Seven Knights: Time Wanderer – a spin-off of the Seven Knights mobile game – follows heroine Vanessa, the eighth member of the knights. After interacting with a relic in her home as a child, she is transported to a strange place where she is now an adult. With the help of a magical hourglass named Sandy, Vanessa navigates through space and time collecting Time Crystals as she tries to find her way back home and save the friends she has met along the way.
The game consists mostly of turn-based combat. There are fifteen playable characters, and you arrange them in teams of five. It’s important to craft your teams around elemental and defense advantages, because attacks can be annoyingly ineffective at times. This is partially due to each character really only having one attack ability that has to cooldown between uses. Once you get to a level where cooldowns are shorter, you can basically just blast your way through with your major attack and maybe a defense booster. It makes the combat predictable and boring, and I often found myself wishing I could just fast-forward through fights.
Not that there’s anything to fast forward to. The plot is weak and none of the characters are particularly likable or memorable. You travel along a set path, walking from dot to dot with a few cutscenes along the way, so there’s no real exploring to be done. It’s monotonous. Walk, fight, watch a cutscene, repeat. Over and over. It’s incredibly uninteresting.
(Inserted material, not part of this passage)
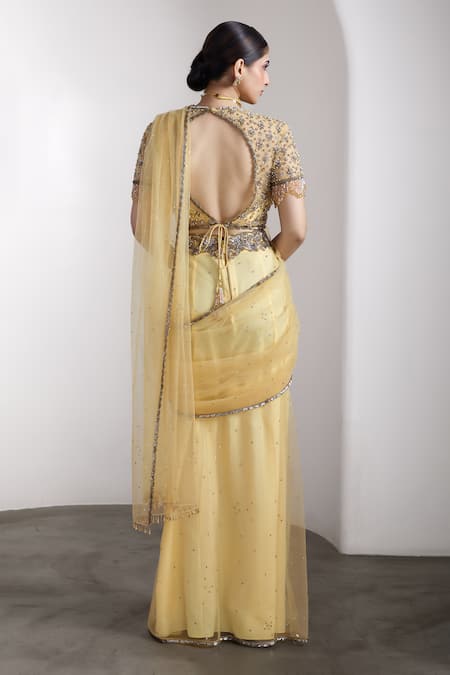 Rocky Star Embellished Blouse & Pre-Draped Saree Set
The game does have one thing going for it, and that’s the voice-acting. It’s well done and I enjoyed listening to the actors do their thing. However, nothing else in the game measures up. The graphics are nice during cutscenes, but other times they’re grainy and done in an unpleasant 3D style. The dialogue is bland. The combat isn’t very engaging. It’s mediocre in almost every way.
Seven Knights -Time Wanderer- doesn’t even make an attempt to be a passable console game. It lacks the expansions and depth that made similar games so successful and instead plays just like its counterpart on the app stores of the world. With a weak plot, little to no game play outside of fighting, and poor combat, it simply isn’t worth playing – even if you’re a fan of the franchise. My recommendation? Don’t let this one wander off with your time and money; just download the mobile game.